We'd like to provide some details to our community about the outage on July 21, 2025.
From 2025-07-21 18:35 UTC to 2025-07-22 02:22 UTC Let's Encrypt had a complete ACME API outage in all datacenters. We partially restored service around 2025-07-21 21:00 for subscribers with preexisting authorizations.
The incident was triggered by an operating system upgrade of the last of a cluster of four DNS resolvers. These servers are authoritative DNS servers for internal names, and support recursive resolution for external DNS names. The upgrade was nominally successful, but the entire cluster DNS resolvers stopped responding to DNS queries for external DNS names which they aren’t authoritative for. These resolvers are on the critical path for name resolution of some services which certificate issuance relies upon, particularly database servers, remote multi-perspective issuance corroboration (MPIC) servers, and external certificate transparency (CT) logs. We identified the outage immediately from internal alerting and began an investigation.
Diagnosing the problem was challenging. Ancillary systems for monitoring and debugging were also affected, making it difficult to observe whether our changes were working or not. Our internal DNS infrastructure itself is not robust enough, in particular it lacks a staging environment and stores its configuration in its internal database, making changes risky and hard to observe. During the entirety of the incident, we attempted numerous fixes, rollbacks, and debugging strategies.
Ultimately, we landed on two remediations that were effective.
The first was to stabilize the system by temporarily abandoning the internal resolvers. On worker nodes where Boulder processes run, we hard-coded entries for database servers in /etc/hosts. We moved name resolution of CT logs into the separate internal DNS infrastructure used for processing ACME challenges. We added entries for MPIC servers into external DNS hosting. This led to restoration of certificate issuance.
Late into the night, engineers discovered and fixed the root problem. For each DNS server, we upgraded it by tearing down the old one and bringing up a brand new one in place. The service configuration script incorrectly used a flag that automatically configured internal DNS forwarders, even though we have no need for internal forwarders. The script chose another replica already in the cluster as the forwarder. This means that as we were gradually upgrading replicas, each upgraded replica had a forwarding resolver set to another replica or a replica that no longer exists.
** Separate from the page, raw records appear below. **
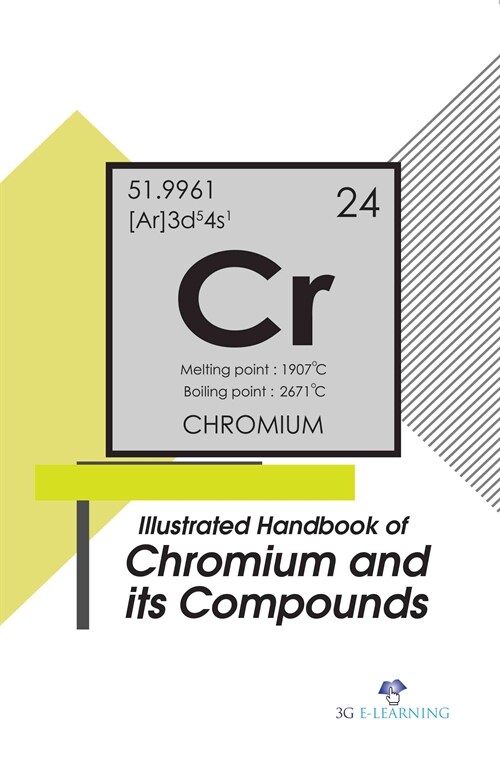 Illustrated Handbook of Chromium and its compounds (Hardcover)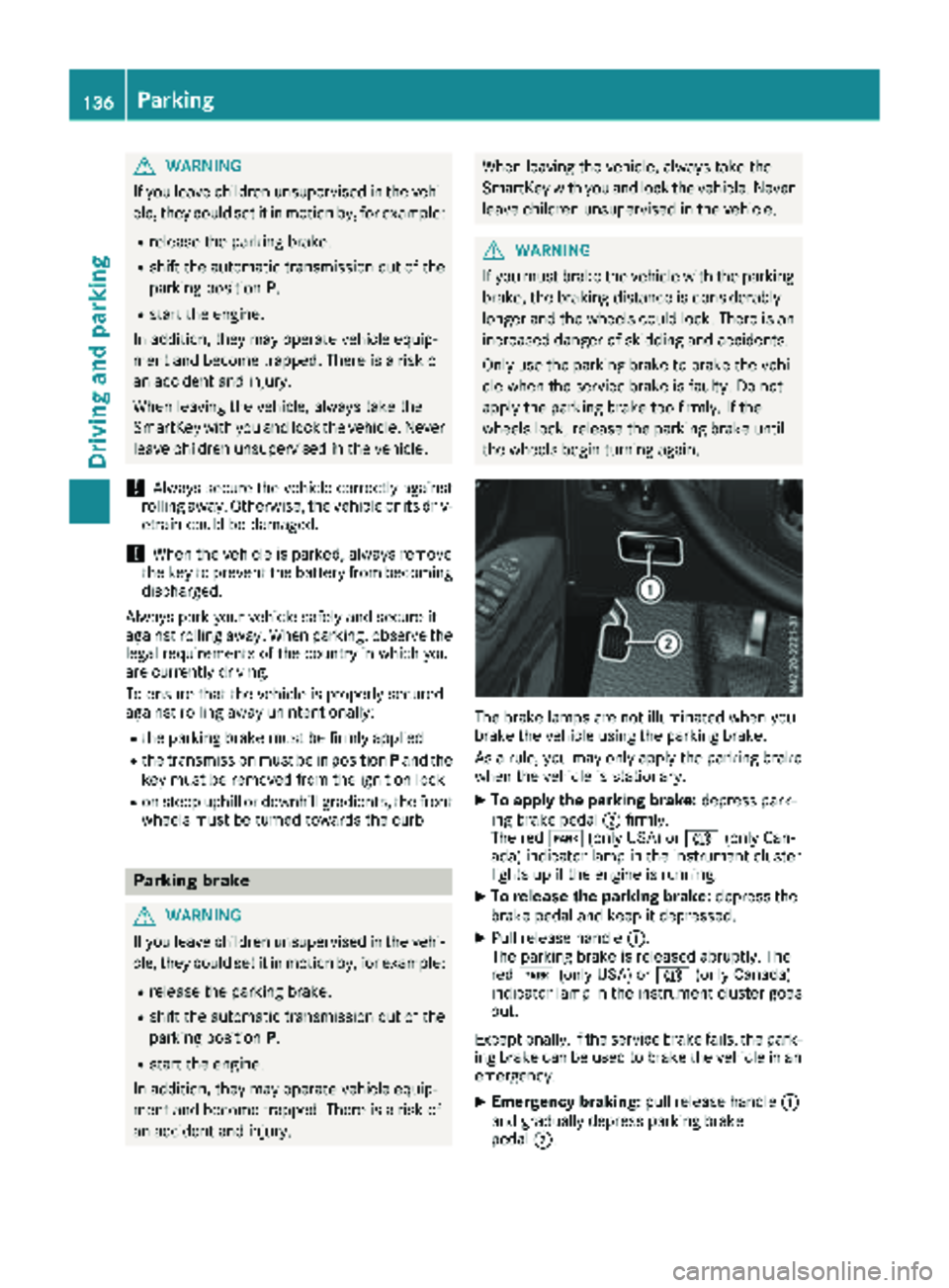 MERCEDES-BENZ METRIS 2019 MY19 Operator’s Manual GWARNING
If you leave children unsupervised in the vehi-
cle, they could set it in motion by, for example:
Rrelease the parking brake.
Rshift the automatic transmission out of the
parking position P.
MERCEDES-BENZ METRIS 2019 MY19 Operator’s Manual GWARNING
If you leave children unsupervised in the vehi-
cle, they could set it in motion by, for example:
Rrelease the parking brake.
Rshift the automatic transmission out of the
parking position P.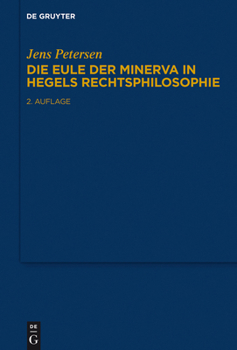 Hardcover Die Eule der Minerva in Hegels Rechtsphilosophie [German] Book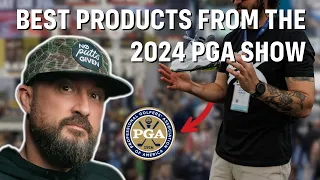 BEST GOLF PRODUCTS WE SAW AT THE PGA SHOW 2024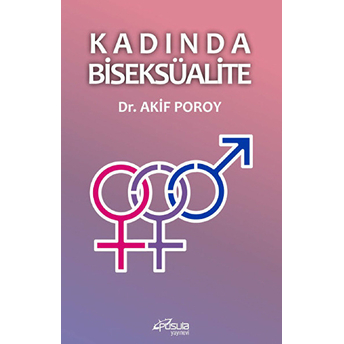 Kadında Biseksüalite Akif Poroy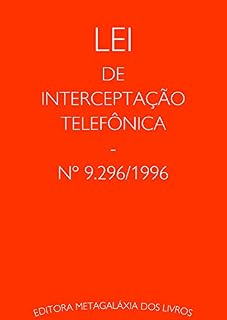 Livro Lei de Interceptação Telefônica: nº 9.296, de 24 de julho de 1996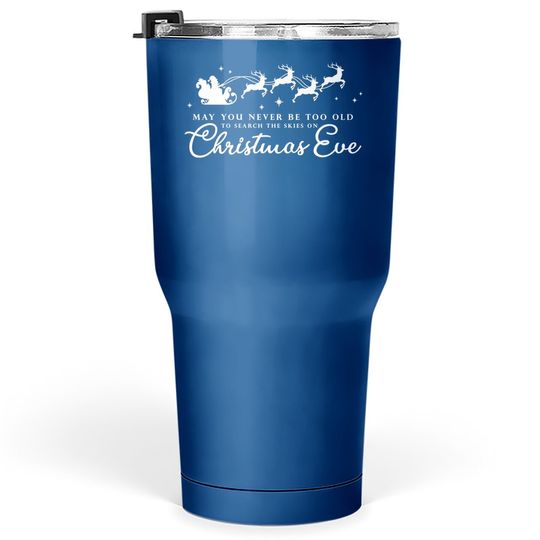 May You Never Be Too Old To Search The Skies On Christmas Eve Tumbler 30 Oz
When we upgraded the final replica, all machines in the cluster then had an invalid resolver configuration. DNS queries returned SERVFAIL if dead-ended, or timed out if sent into an infinite loop. We removed the errant resolver configuration for each server--in an obscure tab of the UI. This fully restored service, and allowed us to rollback the first series of fragile workarounds.
We're taking action to prevent this kind of incident from happening again. We’re moving critical path internal name resolution to an architecture that addresses some critical gaps. We will split our DNS servers into independent per-datacenter and environment clusters to avoid entire system outages and better test changes in our staging environment. As well, we will move away from database-backed configuration to simpler configuration checked into source control to make understanding our systems more straightforward.
We also recognize we were uncommunicative with the community during the incident. Letsencrypt.status.io is and will continue to be our means of communicating during outages, but during this incident we went several hours without updates or estimated remediation timelines. We can do better.
We apologize to the community for the downtime. As always, we will learn from incidents and improve our processes to prevent them.